WORK REQUIRED
Return the lines of the material below exactly, beginning with the line that has "A black & white" in it and finishing with the line that has "SPORT24 Stationary Upright" in it. Leave all pictures aside.

::: MATERIAL FOR THIS TASK :::

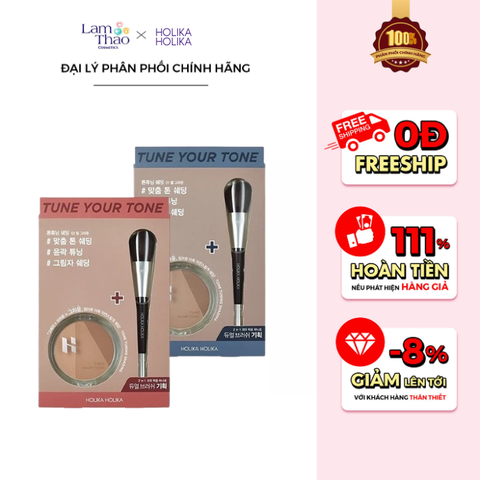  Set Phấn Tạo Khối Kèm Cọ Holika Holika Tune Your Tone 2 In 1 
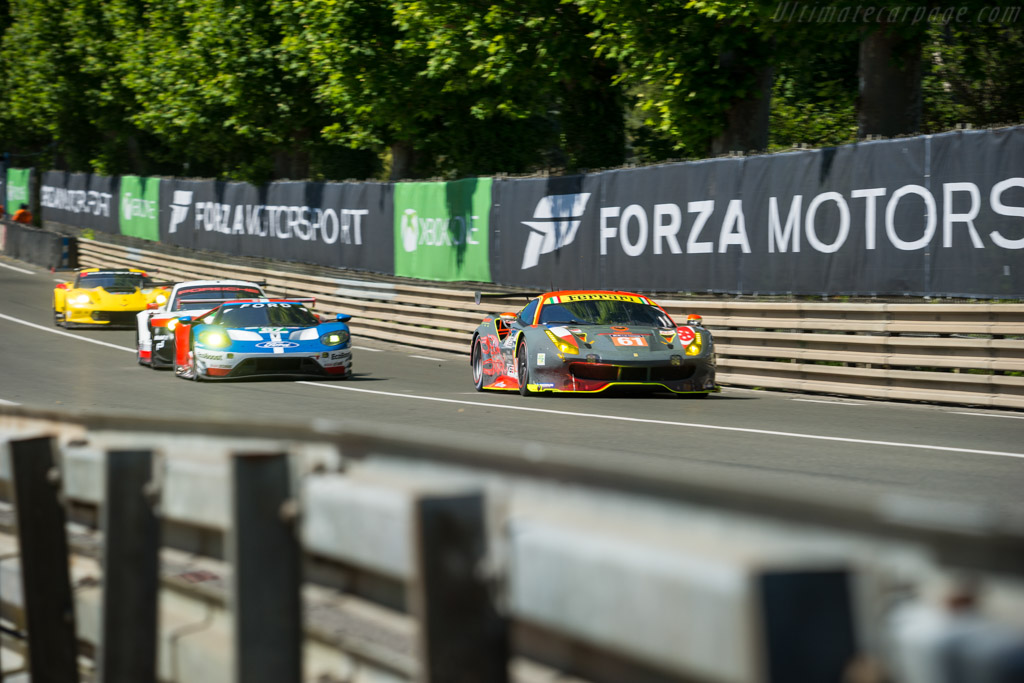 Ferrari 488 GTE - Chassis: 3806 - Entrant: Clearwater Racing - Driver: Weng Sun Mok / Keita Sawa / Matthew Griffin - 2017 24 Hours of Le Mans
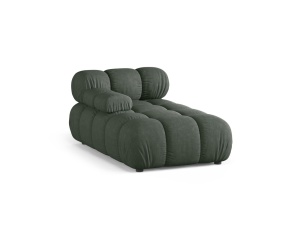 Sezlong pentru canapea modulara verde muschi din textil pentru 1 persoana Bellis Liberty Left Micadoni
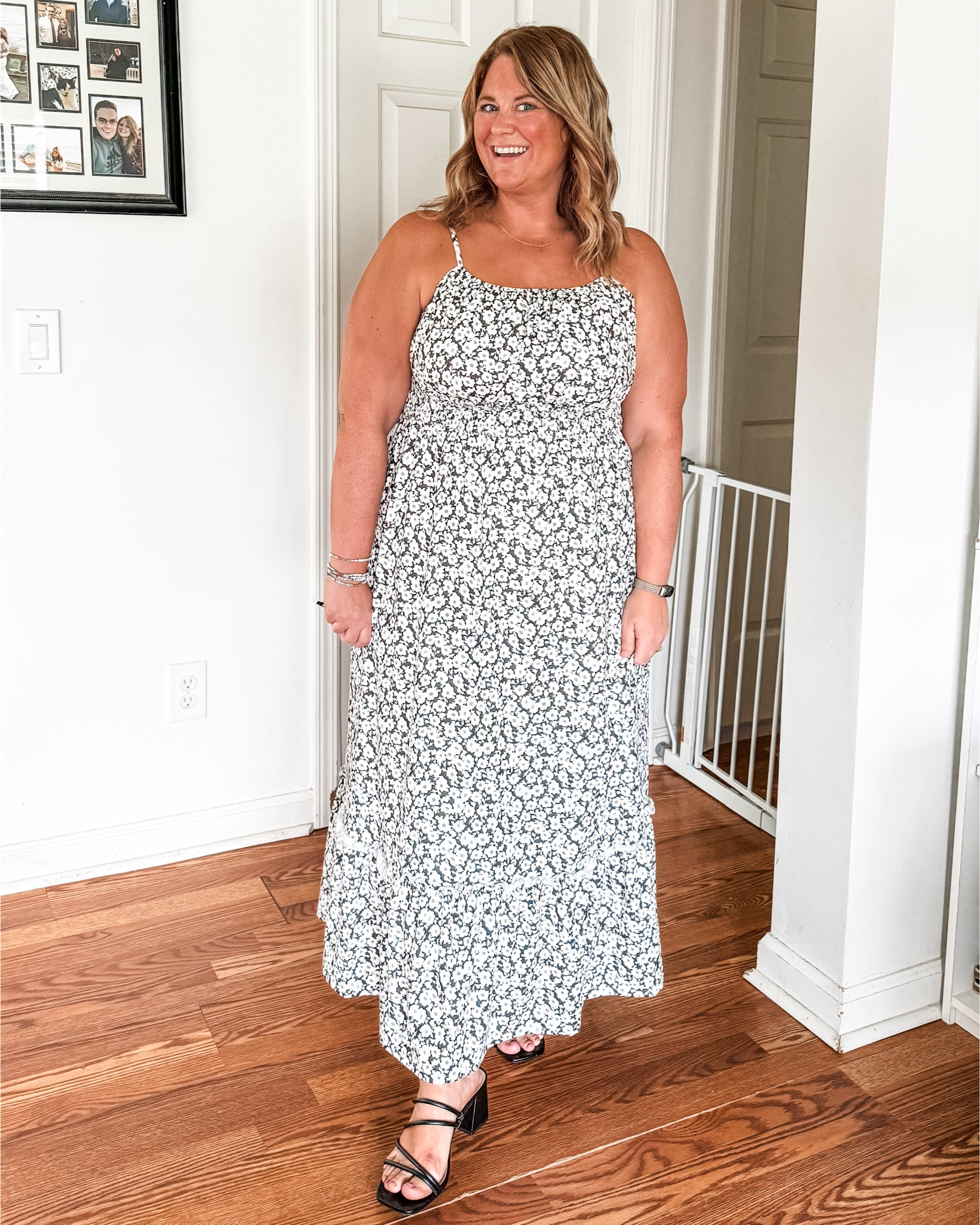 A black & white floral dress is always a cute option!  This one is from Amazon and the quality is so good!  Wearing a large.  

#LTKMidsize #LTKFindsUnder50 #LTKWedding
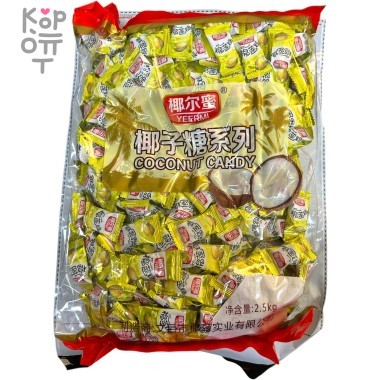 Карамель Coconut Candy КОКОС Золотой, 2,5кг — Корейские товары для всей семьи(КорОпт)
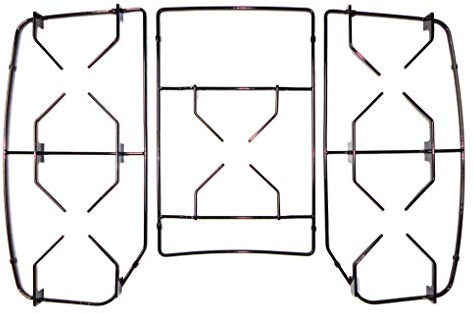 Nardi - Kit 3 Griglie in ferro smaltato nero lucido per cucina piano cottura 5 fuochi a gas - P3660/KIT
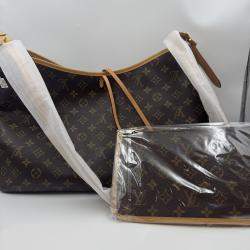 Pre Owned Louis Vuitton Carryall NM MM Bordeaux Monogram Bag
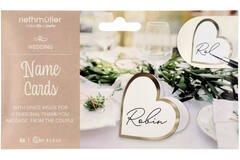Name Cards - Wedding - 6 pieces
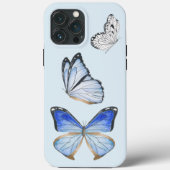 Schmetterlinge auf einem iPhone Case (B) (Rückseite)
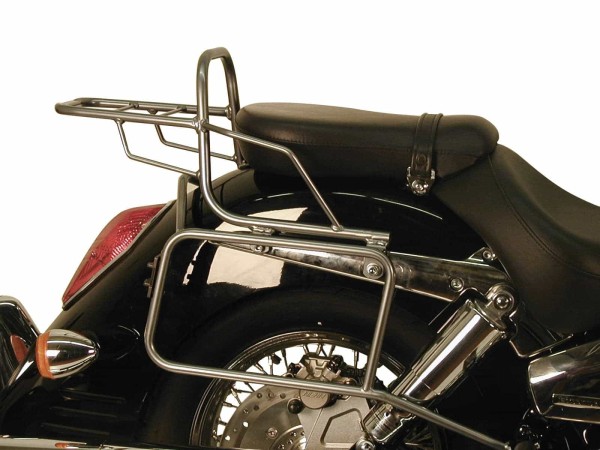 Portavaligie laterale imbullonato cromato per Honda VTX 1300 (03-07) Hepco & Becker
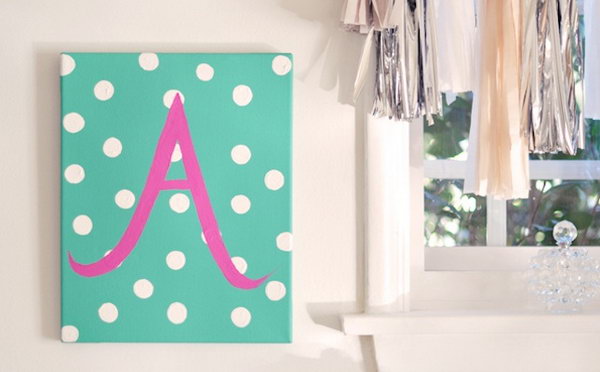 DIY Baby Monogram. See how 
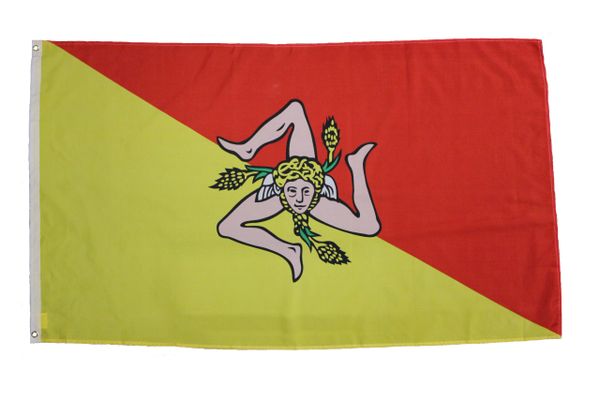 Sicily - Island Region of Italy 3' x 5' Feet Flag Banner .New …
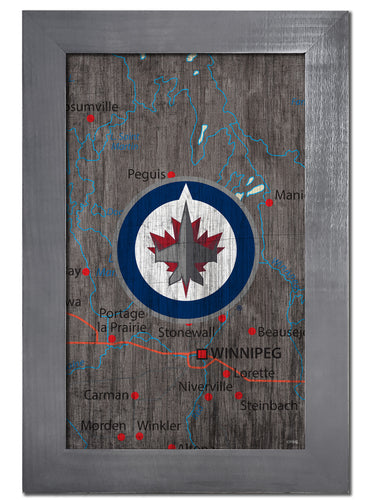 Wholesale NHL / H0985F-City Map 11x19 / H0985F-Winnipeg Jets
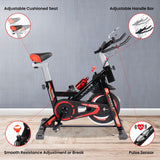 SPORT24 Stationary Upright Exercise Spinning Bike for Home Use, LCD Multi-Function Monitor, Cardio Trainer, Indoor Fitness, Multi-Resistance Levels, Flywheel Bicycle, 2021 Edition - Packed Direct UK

:::
::: MATERIAL FOR THIS TASK :::

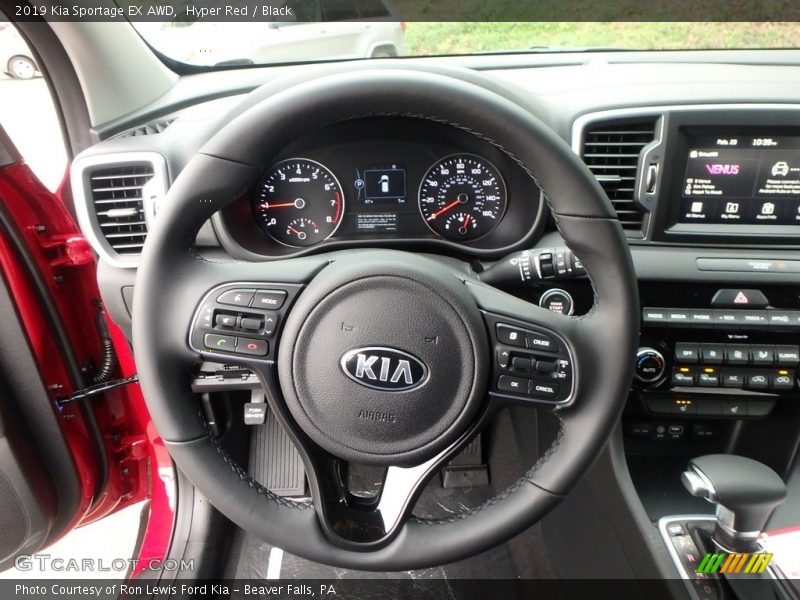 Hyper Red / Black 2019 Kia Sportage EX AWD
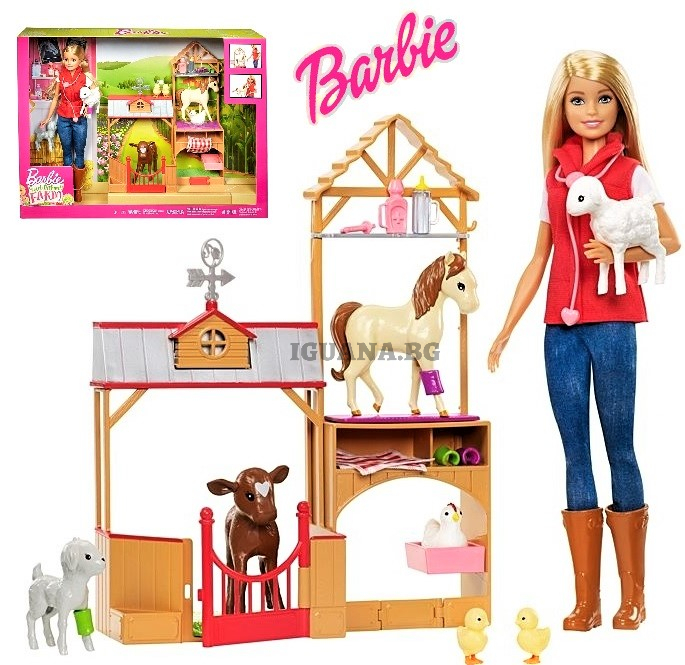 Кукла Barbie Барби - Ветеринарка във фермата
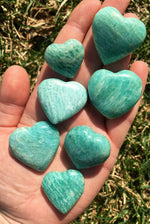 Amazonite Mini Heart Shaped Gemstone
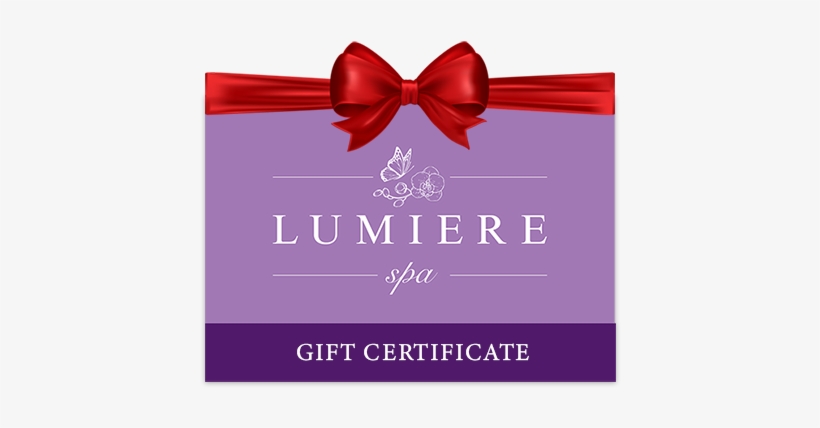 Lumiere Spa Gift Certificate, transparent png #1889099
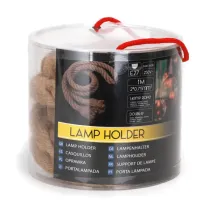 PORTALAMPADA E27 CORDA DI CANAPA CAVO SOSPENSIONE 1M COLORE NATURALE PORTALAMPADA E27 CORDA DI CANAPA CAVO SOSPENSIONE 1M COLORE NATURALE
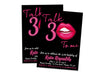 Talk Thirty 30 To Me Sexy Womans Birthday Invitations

:::

REPLY
 A black & white floral dress is always a cute option!  This one is from Amazon and the quality is so good!  Wearing a large.  

#LTKMidsize #LTKFindsUnder50 #LTKWedding
 Карамель Coconut Candy КОКОС Золотой, 2,5кг — Корейские товары для всей семьи(КорОпт)
 Nardi - Kit 3 Griglie in ferro smaltato nero lucido per cucina piano cottura 5 fuochi a gas - P3660/KIT
 Pre Owned Louis Vuitton Carryall NM MM Bordeaux Monogram Bag
Name Cards - Wedding - 6 pieces
 Schmetterlinge auf einem iPhone Case (B) (Rückseite)
 Portavaligie laterale imbullonato cromato per Honda VTX 1300 (03-07) Hepco & Becker
 DIY Baby Monogram. See how 
 Sicily - Island Region of Italy 3' x 5' Feet Flag Banner .New …
 Wholesale NHL / H0985F-City Map 11x19 / H0985F-Winnipeg Jets
 SPORT24 Stationary Upright Exercise Spinning Bike for Home Use, LCD Multi-Function Monitor, Cardio Trainer, Indoor Fitness, Multi-Resistance Levels, Flywheel Bicycle, 2021 Edition - Packed Direct UK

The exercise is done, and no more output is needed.